(Extracted records)
[Start of Attachment]
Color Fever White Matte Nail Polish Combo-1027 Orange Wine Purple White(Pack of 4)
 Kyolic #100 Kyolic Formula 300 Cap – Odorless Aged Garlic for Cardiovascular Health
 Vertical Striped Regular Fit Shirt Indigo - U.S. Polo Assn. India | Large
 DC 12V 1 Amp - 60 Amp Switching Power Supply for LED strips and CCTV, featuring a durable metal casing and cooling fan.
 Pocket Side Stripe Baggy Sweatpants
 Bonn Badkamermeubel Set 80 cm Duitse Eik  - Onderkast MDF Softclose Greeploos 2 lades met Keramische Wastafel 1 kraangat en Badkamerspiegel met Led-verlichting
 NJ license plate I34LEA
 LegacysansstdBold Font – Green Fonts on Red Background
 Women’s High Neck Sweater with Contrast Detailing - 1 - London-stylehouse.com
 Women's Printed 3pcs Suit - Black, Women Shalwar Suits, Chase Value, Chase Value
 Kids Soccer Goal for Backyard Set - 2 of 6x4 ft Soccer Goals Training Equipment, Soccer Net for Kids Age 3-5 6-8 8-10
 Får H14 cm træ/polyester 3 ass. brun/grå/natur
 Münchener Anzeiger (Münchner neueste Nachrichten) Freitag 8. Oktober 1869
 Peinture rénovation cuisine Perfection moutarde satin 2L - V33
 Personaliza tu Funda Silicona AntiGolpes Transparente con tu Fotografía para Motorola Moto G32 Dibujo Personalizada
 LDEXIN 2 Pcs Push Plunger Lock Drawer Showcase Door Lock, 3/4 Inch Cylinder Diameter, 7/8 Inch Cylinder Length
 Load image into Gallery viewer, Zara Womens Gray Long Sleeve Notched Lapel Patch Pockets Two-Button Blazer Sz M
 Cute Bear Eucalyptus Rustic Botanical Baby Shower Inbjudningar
[End of Attachment]
## Exercise
The stretch of entries above that starts with the line containing "Women’s High Neck" and goes on through the line containing "Peinture rénovation cuisine" is to be transcribed exactly, and no other line is to be transcribed.

## Task response
 Women’s High Neck Sweater with Contrast Detailing - 1 - London-stylehouse.com
 Women's Printed 3pcs Suit - Black, Women Shalwar Suits, Chase Value, Chase Value
 Kids Soccer Goal for Backyard Set - 2 of 6x4 ft Soccer Goals Training Equipment, Soccer Net for Kids Age 3-5 6-8 8-10
 Får H14 cm træ/polyester 3 ass. brun/grå/natur
 Münchener Anzeiger (Münchner neueste Nachrichten) Freitag 8. Oktober 1869
 Peinture rénovation cuisine Perfection moutarde satin 2L - V33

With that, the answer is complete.